======== RECORDS SUPPLIED
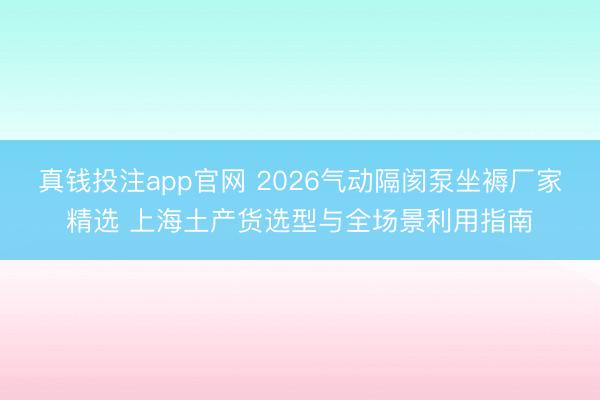 真钱投注app官网 2026气动隔阂泵坐褥厂家精选 上海土产货选型与全场景利用指南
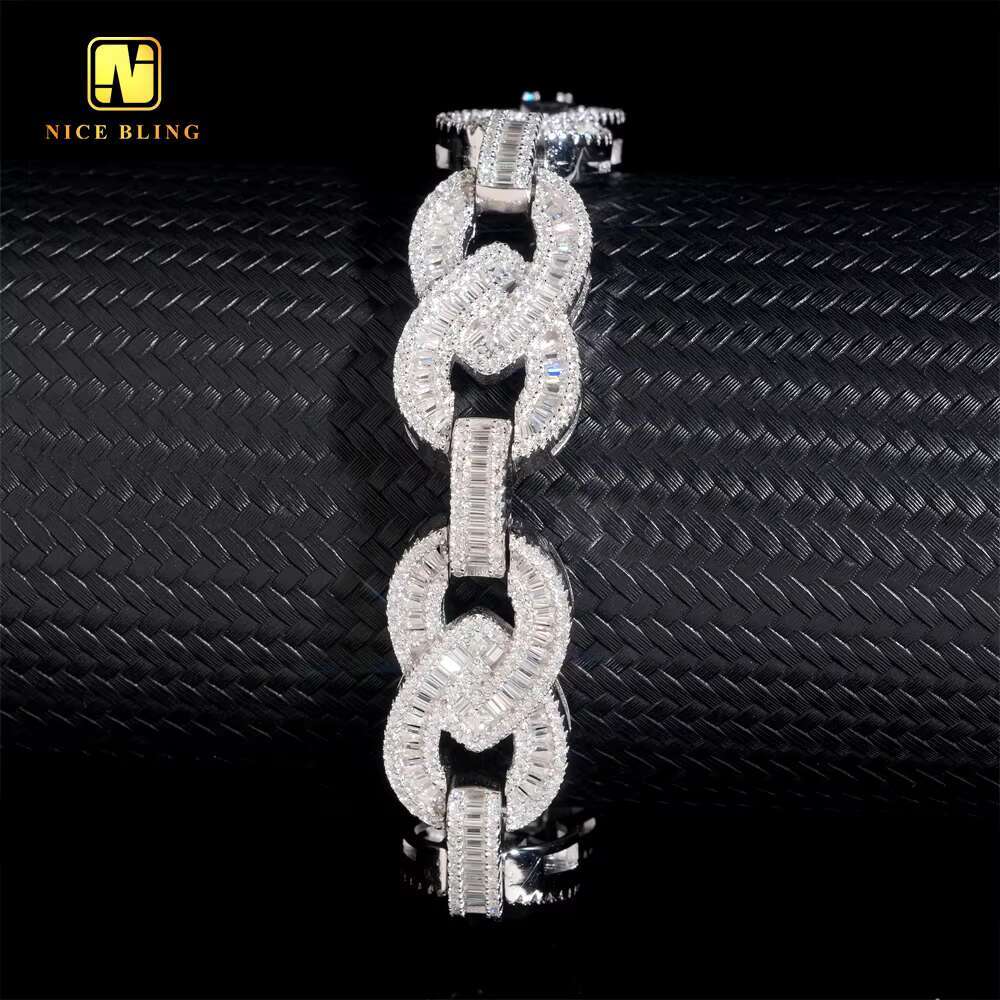 Baguette Custom15mm Iced Out Fine Hip Hop Style Men Jewelry Infinity Cuban Link Chain 925 Silver VVS Moissanite Diamond Bracelet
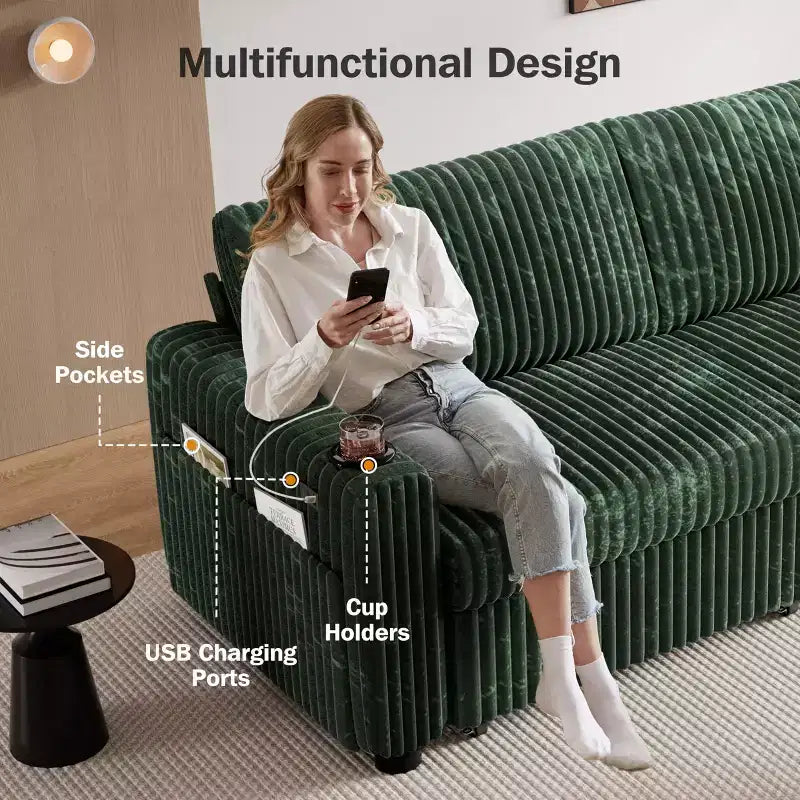 Dyonery 91 Eckschlafsofa mit ausziehbarem Bett, verstellbarer Rückenlehne, zwei ausziehbaren Betten, USB-Anschlüssen und Getränkehaltern, weicher Cordbezug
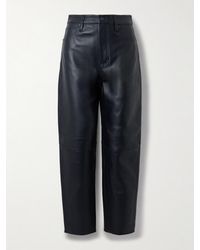 FRAME - The Leather Neat Leather Barrel-Leg Pants - Lyst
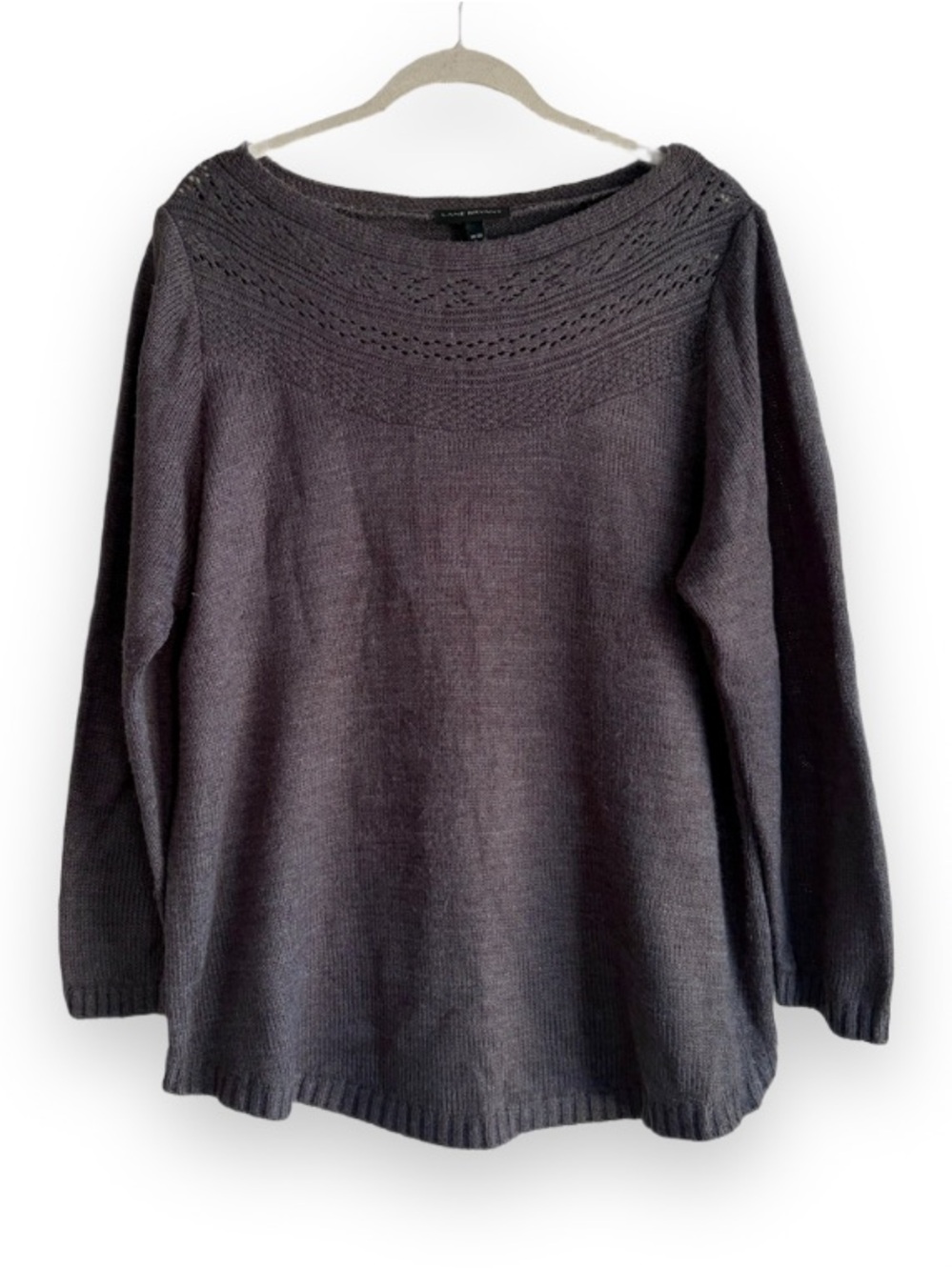 Lane Bryant Charcoal Gray Lace Yoke Sweater Size 18/20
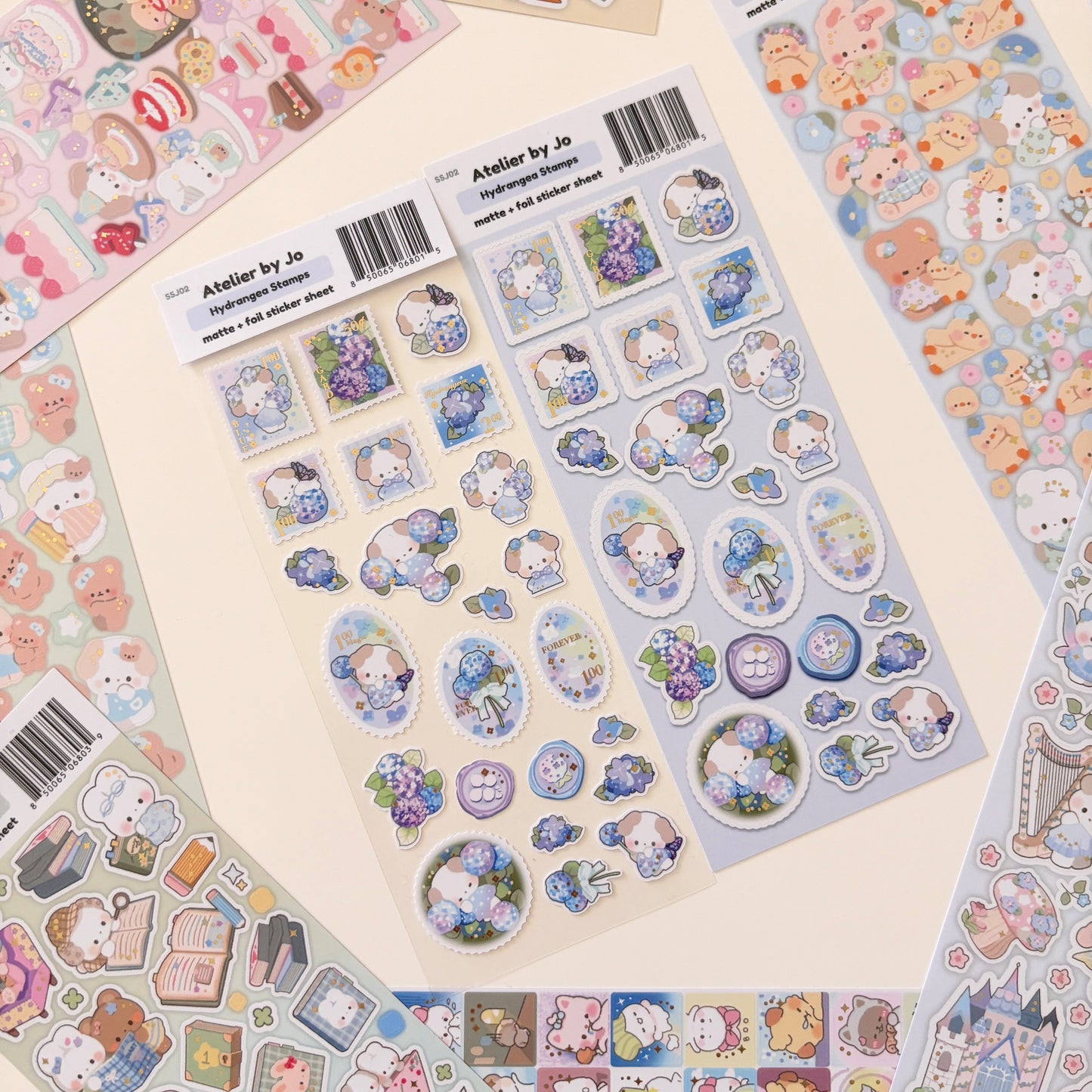 Hydrangea Stamps Sticker Sheet
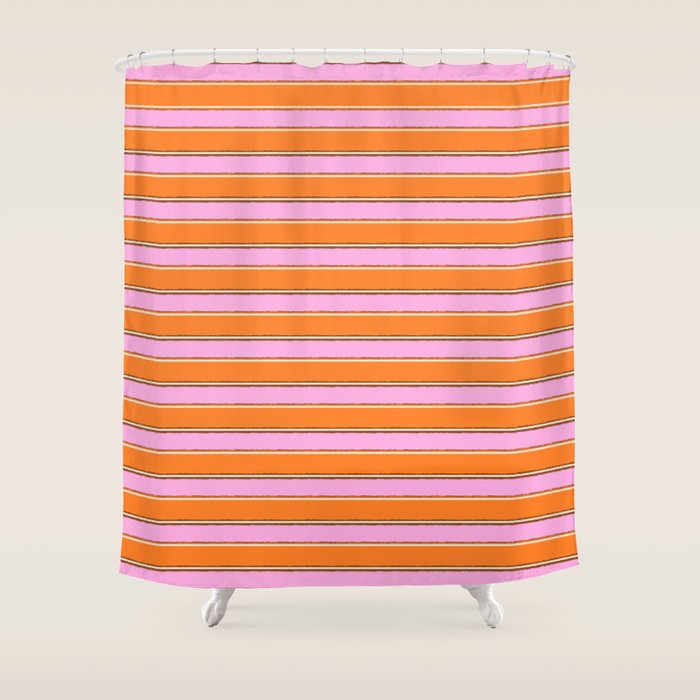 Colorful Eclectic Watercolor Paper Stripes Pattern Pink Orange Brown Cream Shower Curtain Gallery Image 1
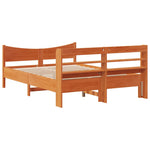 Bed Frame with Headboard Wax Brown 140x190 cm Solid Wood Pine 3307058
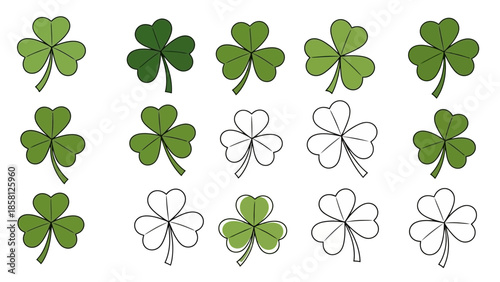 A collection of shamrocks, some colored green and some outlined in black and white, arranged in a grid.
================
→ **WORK ITEM**:
Without the pictures, restate all of the entries above verbatim.

→ **EXERCISE OUTPUT**:
 真钱投注app官网 2026气动隔阂泵坐褥厂家精选 上海土产货选型与全场景利用指南
 Baguette Custom15mm Iced Out Fine Hip Hop Style Men Jewelry Infinity Cuban Link Chain 925 Silver VVS Moissanite Diamond Bracelet
 Dyonery 91 Eckschlafsofa mit ausziehbarem Bett, verstellbarer Rückenlehne, zwei ausziehbaren Betten, USB-Anschlüssen und Getränkehaltern, weicher Cordbezug
 FRAME - The Leather Neat Leather Barrel-Leg Pants - Lyst
 Lane Bryant Charcoal Gray Lace Yoke Sweater Size 18/20
 Hydrangea Stamps Sticker Sheet
 Colorful Eclectic Watercolor Paper Stripes Pattern Pink Orange Brown Cream Shower Curtain Gallery Image 1
 Bed Frame with Headboard Wax Brown 140x190 cm Solid Wood Pine 3307058
 A collection of shamrocks, some colored green and some outlined in black and white, arranged in a grid.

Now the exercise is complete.